D’autant que si du temps de la présidence Hayatou, la CAF et la Fédération royale marocaine de football (FRMF) entretenaient des relations compliquées – et plus encore après le refus marocain d’accueillir la CAN-2015 en raison d’Ebola – les dynamiques ont changé à Accra. Depuis l’arrivée d’Ahmad, le Maroc a retrouvé sa place dans les rouages de la Confédération, et les relations se sont apaisées.
La décision des instances marocaines de dépanner la CAF, en acceptant d’accueillir le CHAN-2018 en octobre 2017, à tout juste trois mois du coup d’envoi de la compétition, a probablement fini de convaincre le patron du football africain : le Maroc est un candidat crédible, préparé, et qui sait réagir face à l’urgence.
L’Afrique du Sud, une assurance tous risques
Mais ce costume de sauveur que le Maroc se plaît à endosser depuis plusieurs mois est aussi taillé sur mesure pour un autre candidat potentiel. Habituée des rendez-vous de dernière minute, l’Afrique du Sud étudie sérieusement la possibilité d’accueillir à nouveau la Coupe d’Afrique sur son sol. Le seul pays du continent à avoir accueilli une Coupe du monde est lui-aussi une valeur sûre.
C’est le cas, déjà, sur le plan des infrastructures, puisque le Mondial-2010 lui a permis de se doter de dix enceintes aux normes internationales. La capacité des Sud-Africains à organiser un événement majeur dans l’urgence n’est également plus à démontrer. L’Afrique du Sud n’a organisé la CAN qu’à deux reprises, à chaque fois pour remplacer un pays écarté : le Kenya, en 1996, puis la Libye, en 2013. Un curriculum vitae qui ferait de la nation « arc-en-ciel » un adversaire de choix au favori marocain.
Les Pharaons entre raison et tentation
Derrière le duo, difficile aussi de ne pas mentionner l’Égypte, même si plusieurs sons de cloches sont parvenus des responsables de la fédération égyptienne. Vendredi soir, au micro de nos confrères de RFI, le porte-parole de l’instance était clair : « Nous sommes intéressés par l’opportunité d’organiser la Coupe d’Afrique des Nations. Nous n’allons pas dire non. »

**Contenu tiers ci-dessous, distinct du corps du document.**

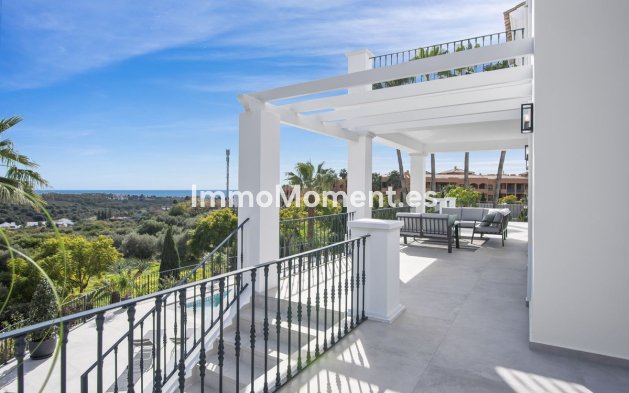 Wiederverkauf - Villa - Málaga - Benahavís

Tandis qu’au même moment, un peu plus loin, Magdi Abdel Ghani, un membre du conseil d’administration de cette même fédération, se montrait beaucoup plus réservé : « L’Égypte ne présentera pas de dossier de candidature et estime qu’il y a un consensus pour que le Maroc accueille la compétition. »
Une notion de consensus qui fait référence au soutien avéré de l’Union nord-africaine de football (UNAF) – qui rassemble l’Égypte, les pays du Maghreb et la Libye – à la probable candidature marocaine. L’UNAF, qui n’a d’ailleurs pas hésité à user de son influence en envoyant à la CAF une lettre exigeant le strict « respect du cahier des charges pour l’organisation de la CAN-2019 » à quelques jours des délibérations du comité exécutif. Où comment appeler, de manière à peine voilée, à couper l’herbe sous le pied du Cameroun.
Cette position commune rend d’autant plus improbable un scénario qui verrait l’Égypte se dresser contre ses voisins sans avoir l’assurance de l’emporter, d’autant que sa candidature pourrait elle-aussi souffrir d’un contexte sécuritaire compliqué. En toute logique – un concept qui ne prévaut toutefois pas systématiquement ne football – les Pharaons devraient ainsi être amenés, eux-aussi, à se ranger derrière l’évidence marocaine.